======== SUPPLIED DATA
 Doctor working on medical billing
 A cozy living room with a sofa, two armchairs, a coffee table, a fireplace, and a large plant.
================
======== SUPPLIED DATA
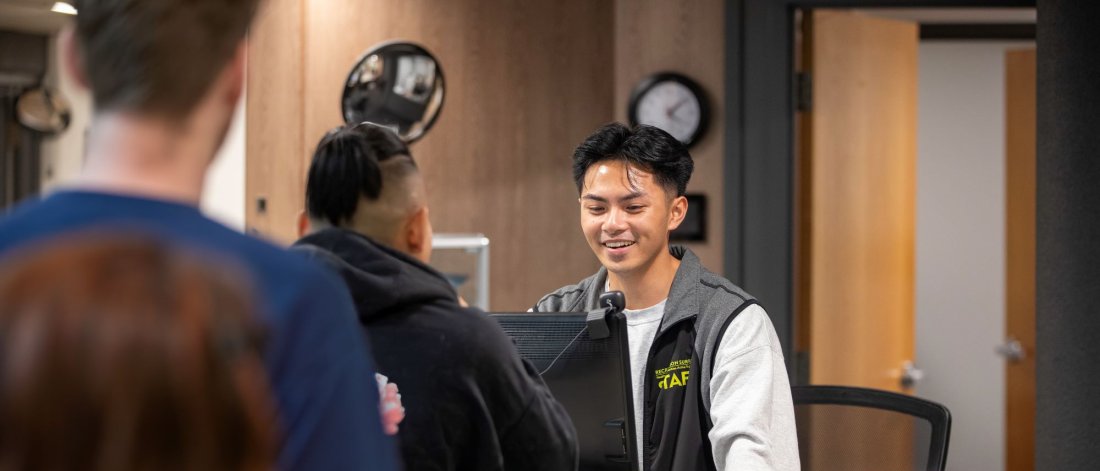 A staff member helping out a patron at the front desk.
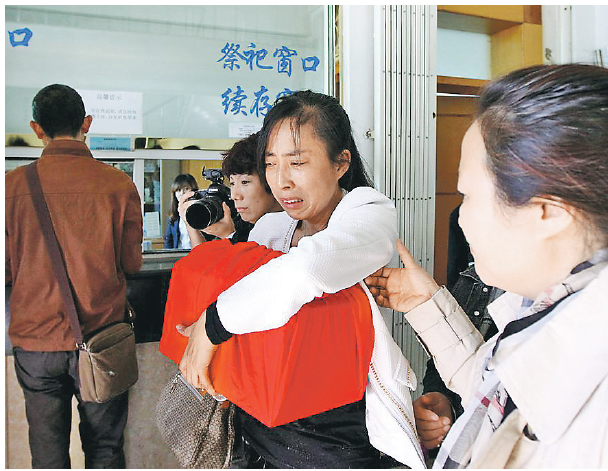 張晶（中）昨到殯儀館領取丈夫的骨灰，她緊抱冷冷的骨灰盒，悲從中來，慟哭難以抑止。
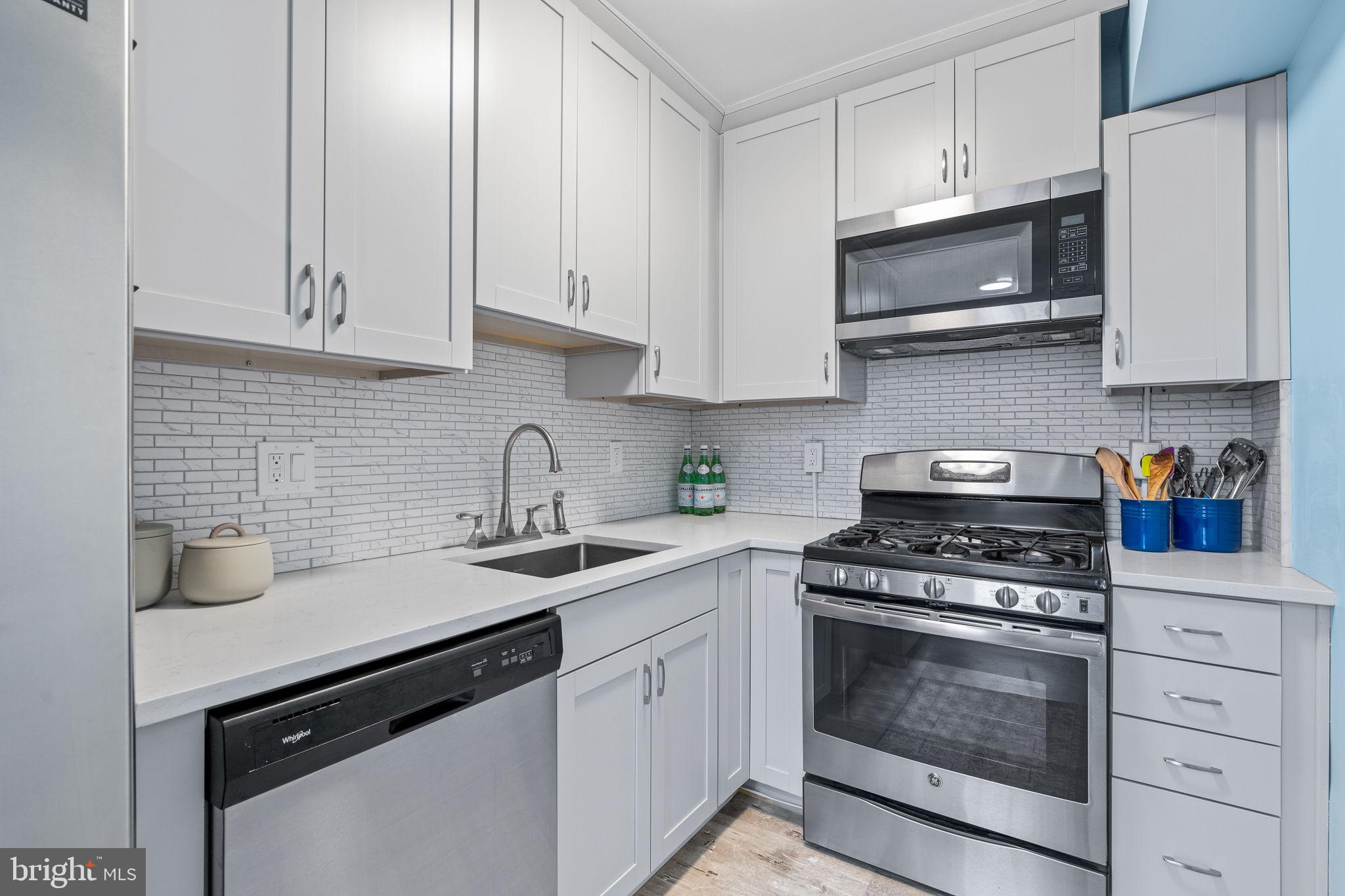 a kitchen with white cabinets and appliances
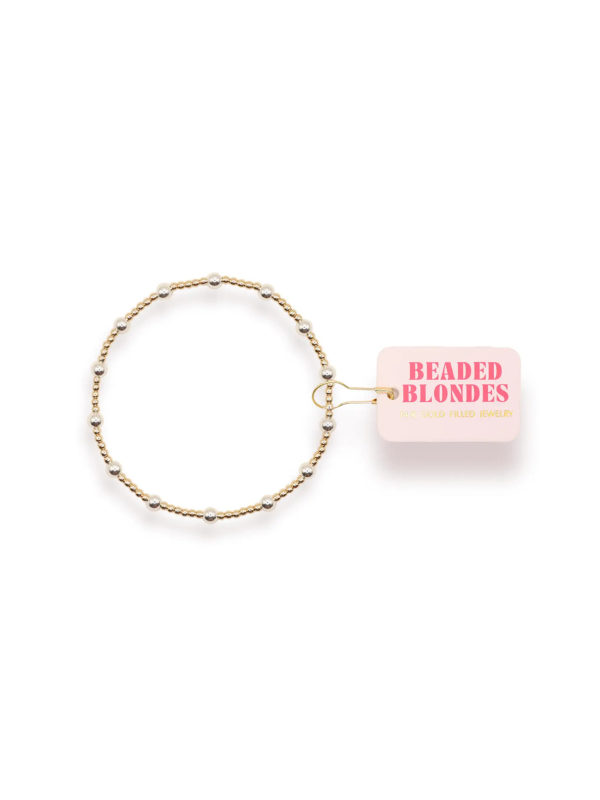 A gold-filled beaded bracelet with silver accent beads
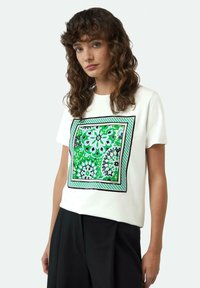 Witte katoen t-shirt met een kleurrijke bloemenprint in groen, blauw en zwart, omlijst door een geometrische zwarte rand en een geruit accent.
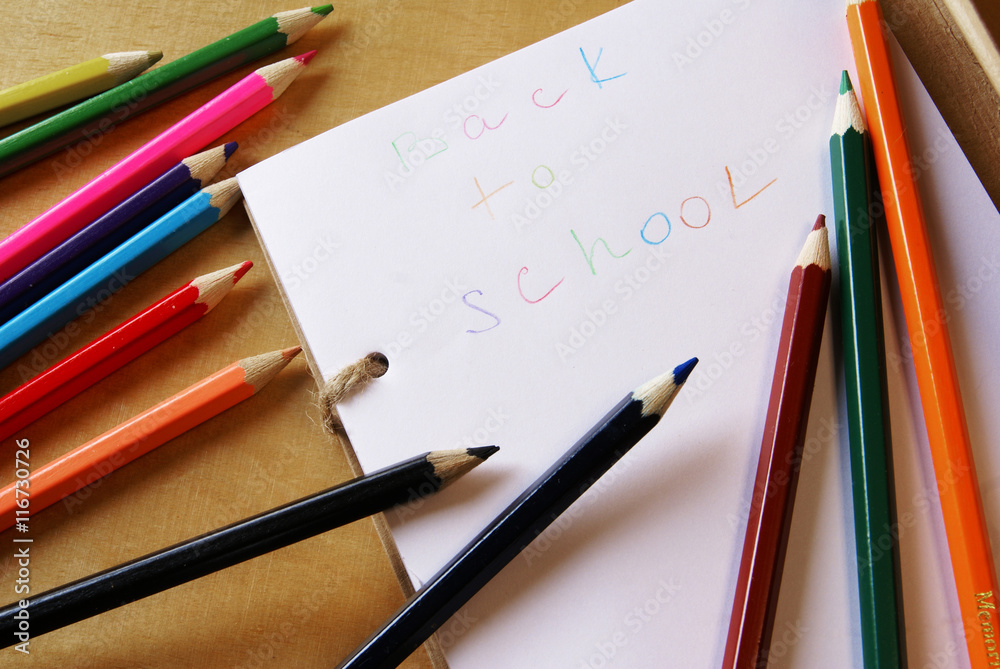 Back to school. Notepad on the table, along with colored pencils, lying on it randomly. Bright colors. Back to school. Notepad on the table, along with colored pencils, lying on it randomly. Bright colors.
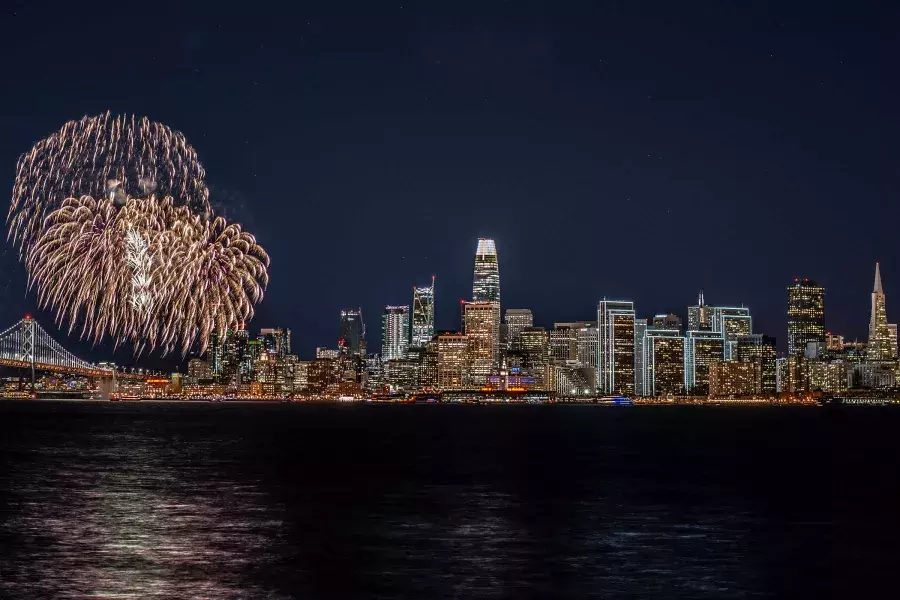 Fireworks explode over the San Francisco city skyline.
================
## WHAT YOU HAVE TO DO
Using the data above, return the lines from the one holding "Witte katoen t-shirt" through the one holding "Fireworks explode over" exactly, but not the pictures.

## REPLY TO THE EXERCISE
 Witte katoen t-shirt met een kleurrijke bloemenprint in groen, blauw en zwart, omlijst door een geometrische zwarte rand en een geruit accent.
 Back to school. Notepad on the table, along with colored pencils, lying on it randomly. Bright colors. Back to school. Notepad on the table, along with colored pencils, lying on it randomly. Bright colors.
 Fireworks explode over the San Francisco city skyline.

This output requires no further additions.